Prompt |
Beginning at the line that contains "Oval Cut Blue", output each line exactly through the end of the records, and drop any pictures.

Top of Data extracts

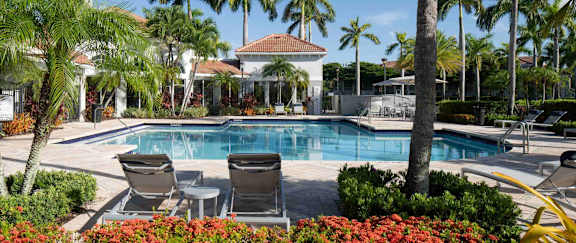 A large building with a pool in the foreground and lights on.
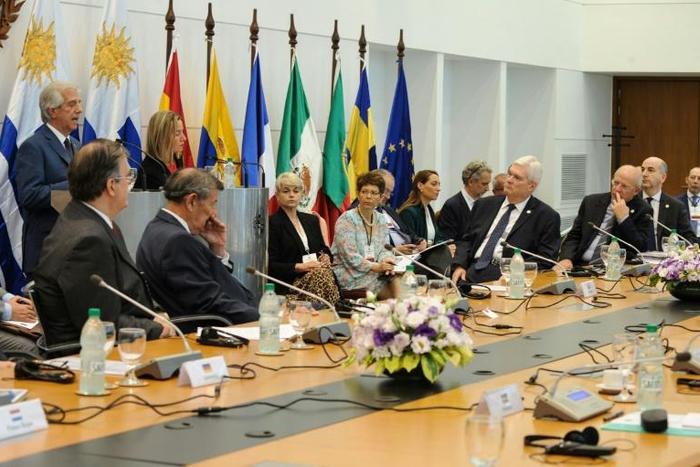 Uruguay's President Tabare Vazquez (top-L) and High Representative of the European Union for Foreign Affairs and Security Policy Federica Mogherini (top-2-L) speaking during a meeting with Ministers from more than a dozen European and Latin American st...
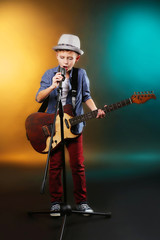 Naklejka premium Little boy playing guitar and singing with microphone on a dark lighted background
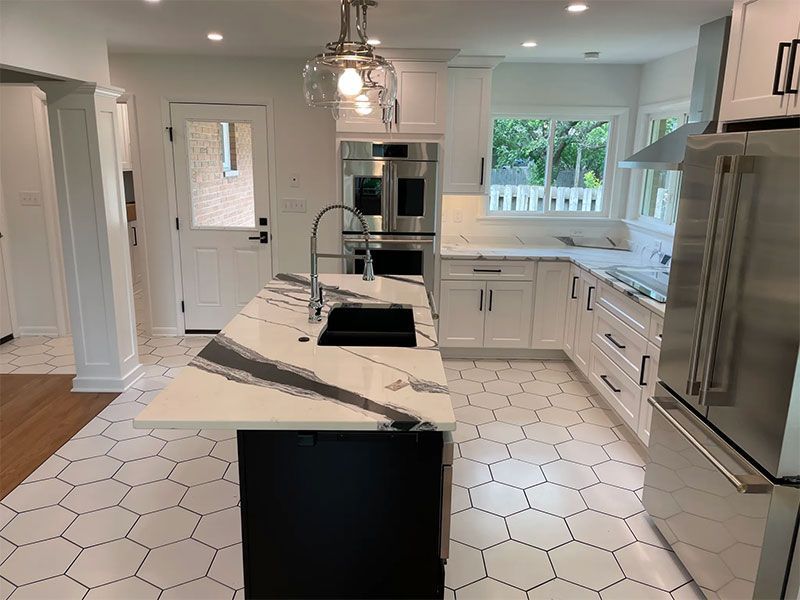 Modern white kitchen with a black island, white countertops, and hexagon tile floor.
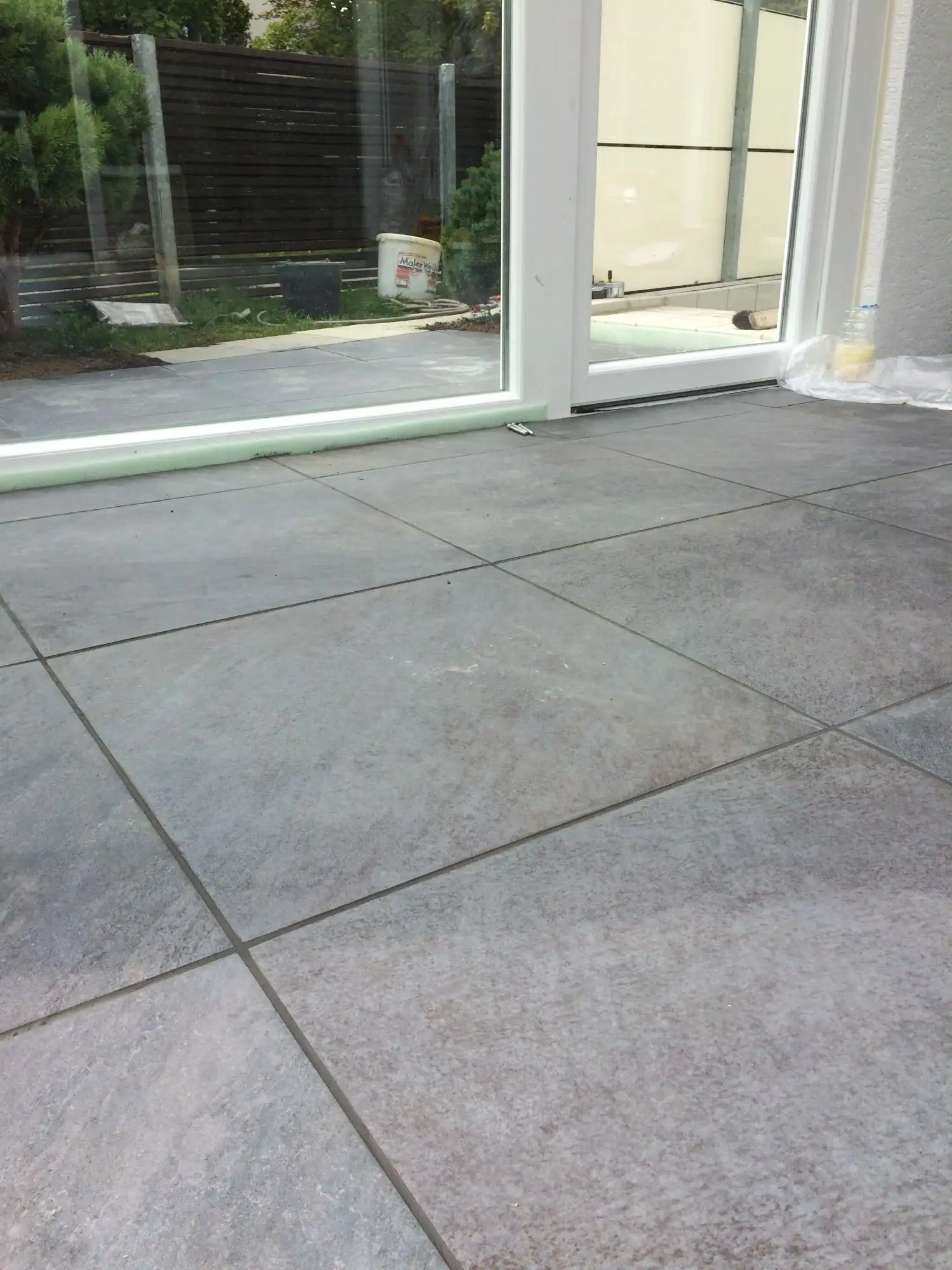 Terrasse aus großen grauen Feinsteinzeug-Platten vor einer Glasfront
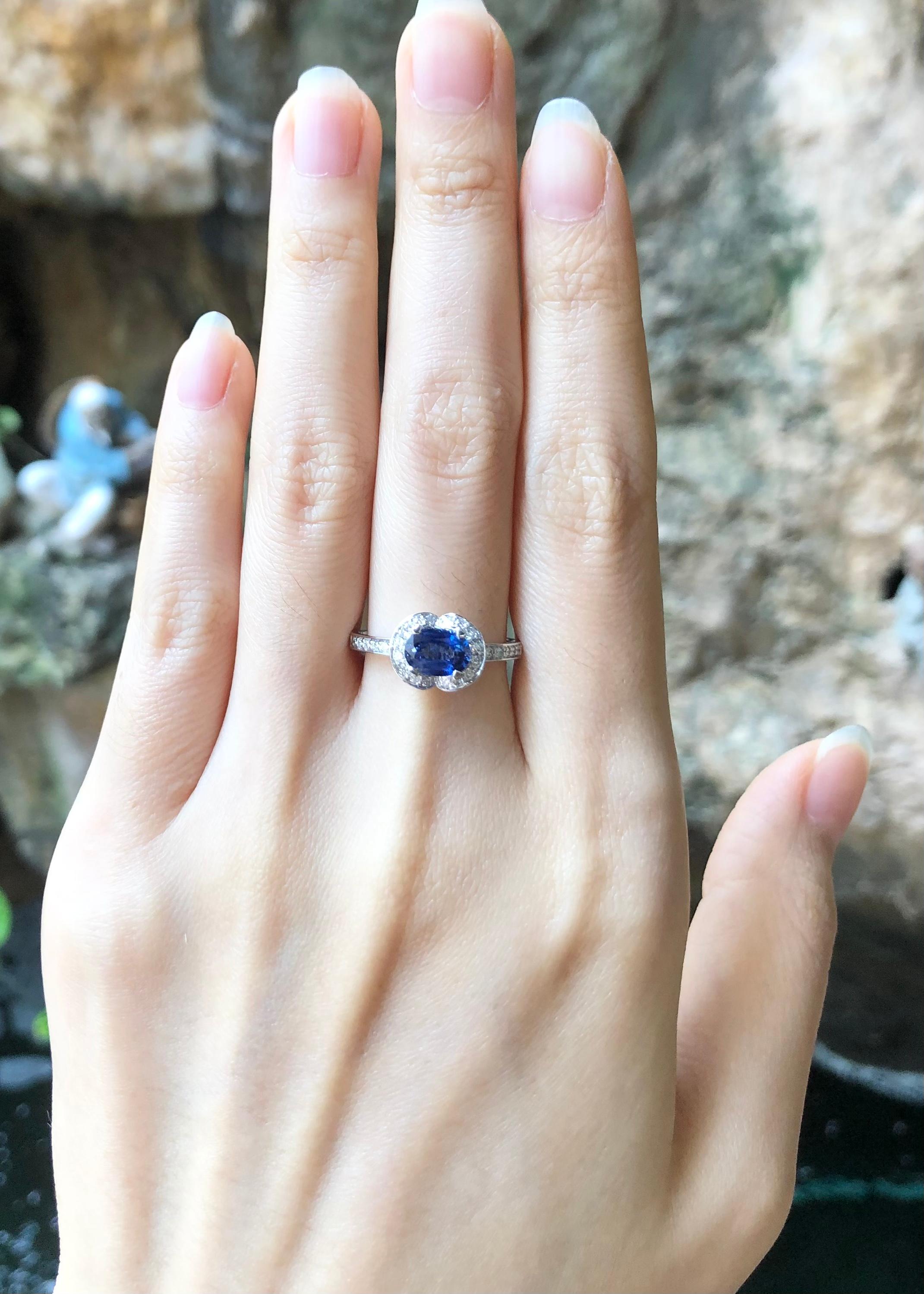 Oval Cut Blue Sapphire with Diamond Ring set in 18 Karat White Gold Settings For Sale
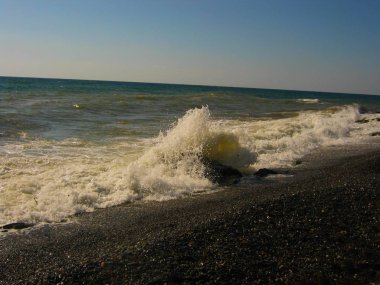 güzel dalga deniz kenarında bir kayanın üzerine çökmesini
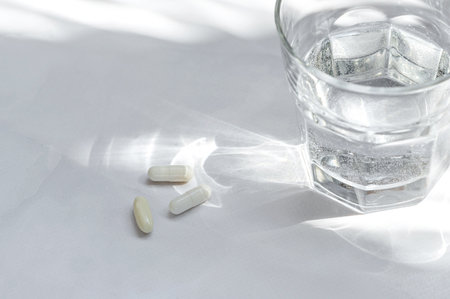 White pills and capsules, glass with pure water on white table background with natural sunlight shadows. Minimal aesthetic health care and medicine concept, close up.の写真素材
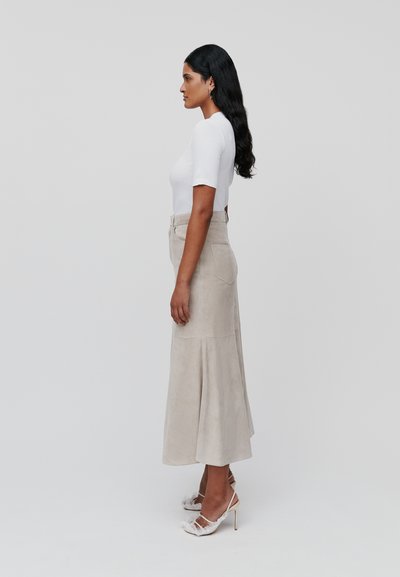 Weißes, eng anliegendes Oberteil kombiniert mit einem beigen Wildleder-Midi-Rock mit ausgestelltem Saum. Das Model trägt Riemchen-High Heels mit Federakzenten.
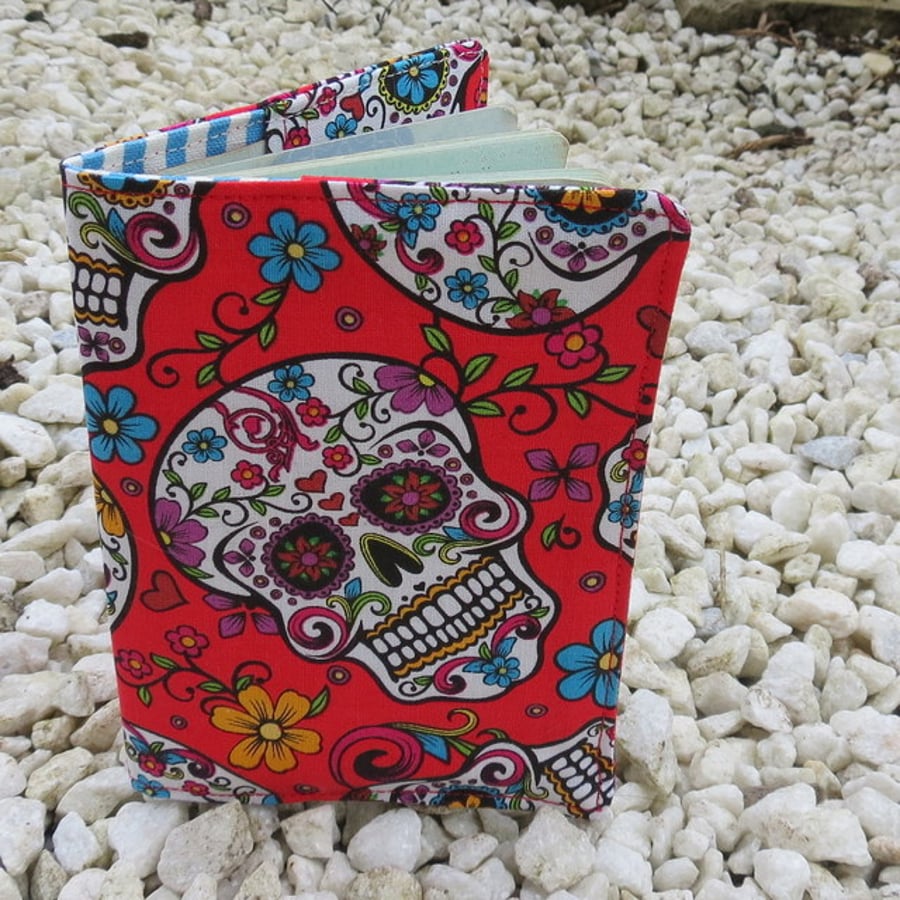 Skulls.  A passport sleeve made from a vibrant Sugar Skulls cotton.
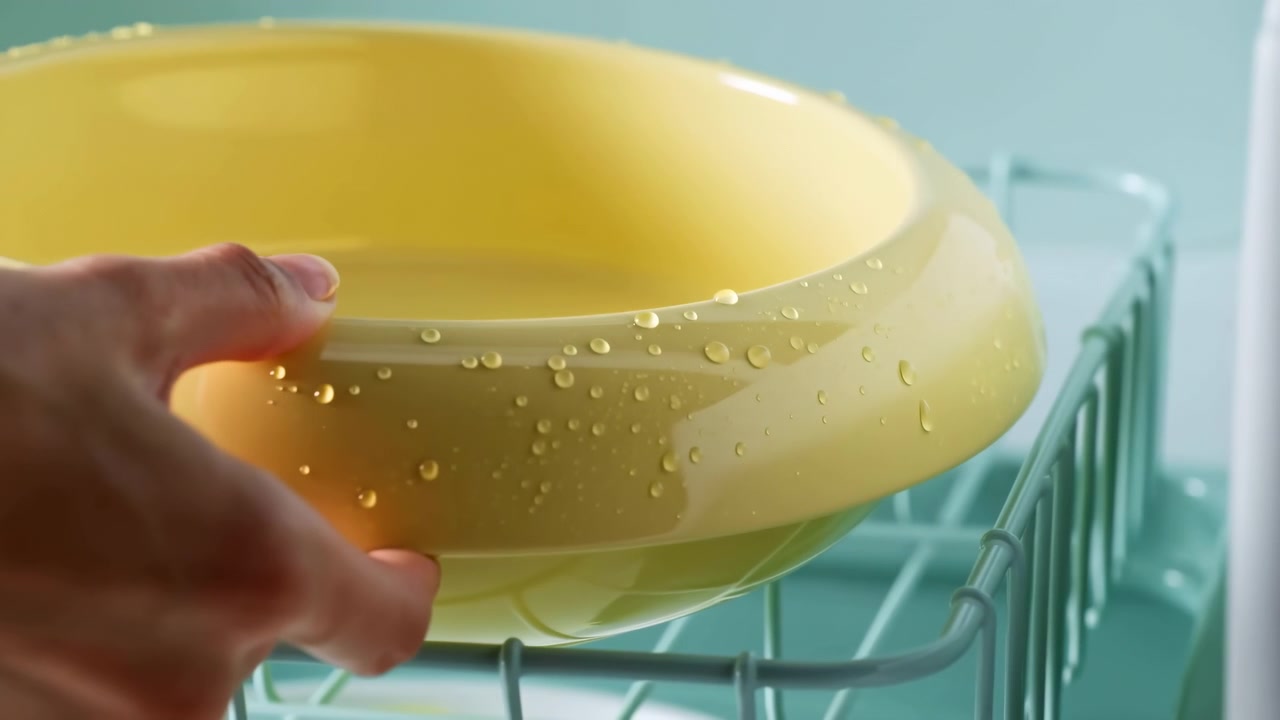 Primo piano di una mano che tiene una ciotola di plastica gialla con goccioline d'acqua sopra una griglia della lavastoviglie in una cucina turchese brillante con una morbida luce naturale.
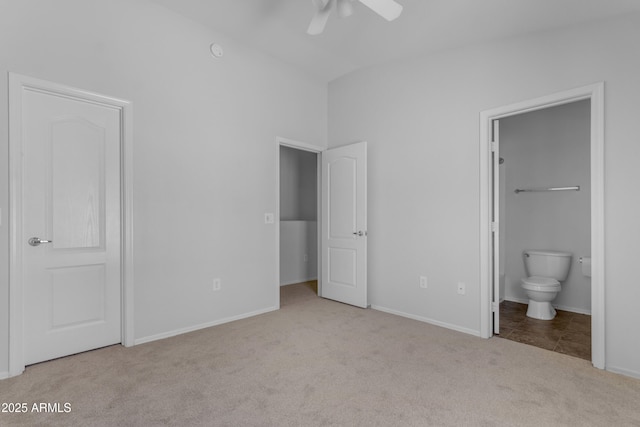 unfurnished bedroom with carpet, vaulted ceiling, ensuite bathroom, baseboards, and ceiling fan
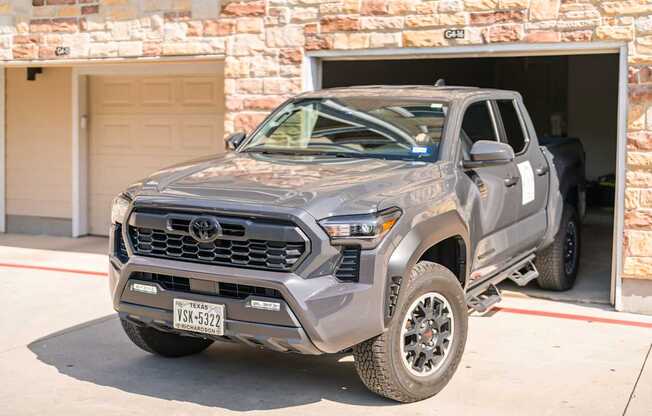 A grey Toyota truck is parked in front of a garage.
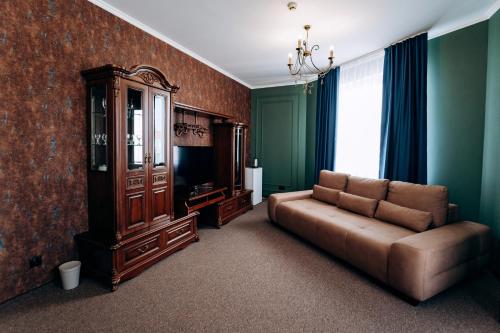 a living room with a couch and a cabinet at Globus Hotel in Ternopilʼ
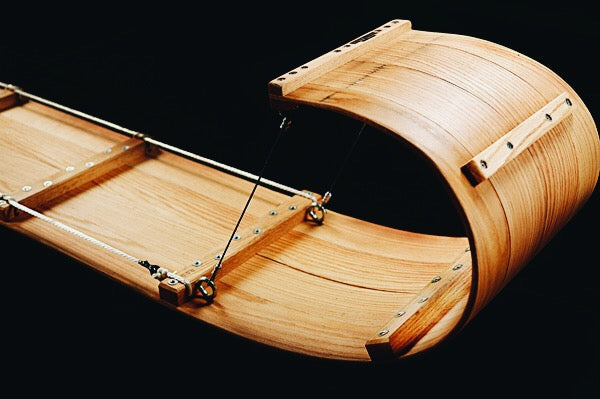 Against a black background: front curl of a downhill toboggan sled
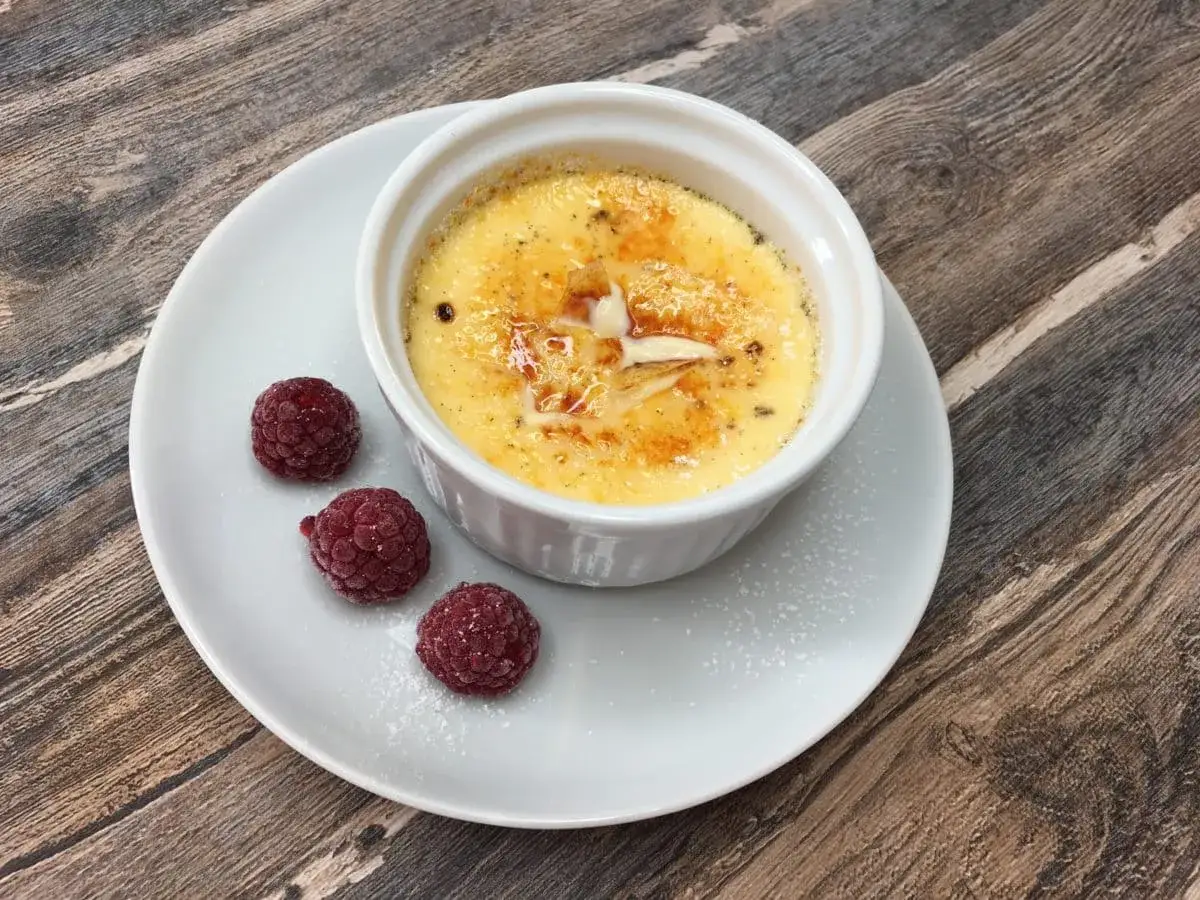 Creme brulee rezept: Ein cremiges Dessert mit karamellisierter Zuckerkruste, garniert mit Himbeeren und Puderzucker auf einem Holztisch.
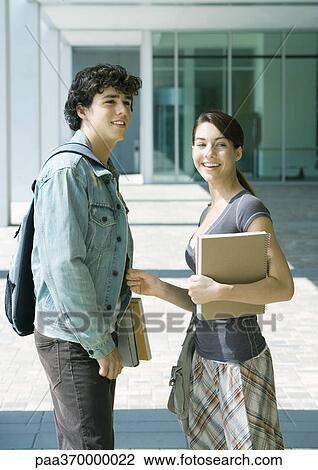 Stock Image - Two college students standing, smiling. Fotosearch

Bottom of Data extracts

Output below |
 Oval Cut Blue Sapphire with Diamond Ring set in 18 Karat White Gold Settings For Sale
 güzel dalga deniz kenarında bir kayanın üzerine çökmesini
 White pills and capsules, glass with pure water on white table background with natural sunlight shadows. Minimal aesthetic health care and medicine concept, close up.の写真素材
 Weißes, eng anliegendes Oberteil kombiniert mit einem beigen Wildleder-Midi-Rock mit ausgestelltem Saum. Das Model trägt Riemchen-High Heels mit Federakzenten.
 Skulls.  A passport sleeve made from a vibrant Sugar Skulls cotton.
 Primo piano di una mano che tiene una ciotola di plastica gialla con goccioline d'acqua sopra una griglia della lavastoviglie in una cucina turchese brillante con una morbida luce naturale.
 unfurnished bedroom with carpet, vaulted ceiling, ensuite bathroom, baseboards, and ceiling fan
 A grey Toyota truck is parked in front of a garage.
 a living room with a couch and a cabinet at Globus Hotel in Ternopilʼ
 Against a black background: front curl of a downhill toboggan sled
 Creme brulee rezept: Ein cremiges Dessert mit karamellisierter Zuckerkruste, garniert mit Himbeeren und Puderzucker auf einem Holztisch.
 Stock Image - Two college students standing, smiling. Fotosearch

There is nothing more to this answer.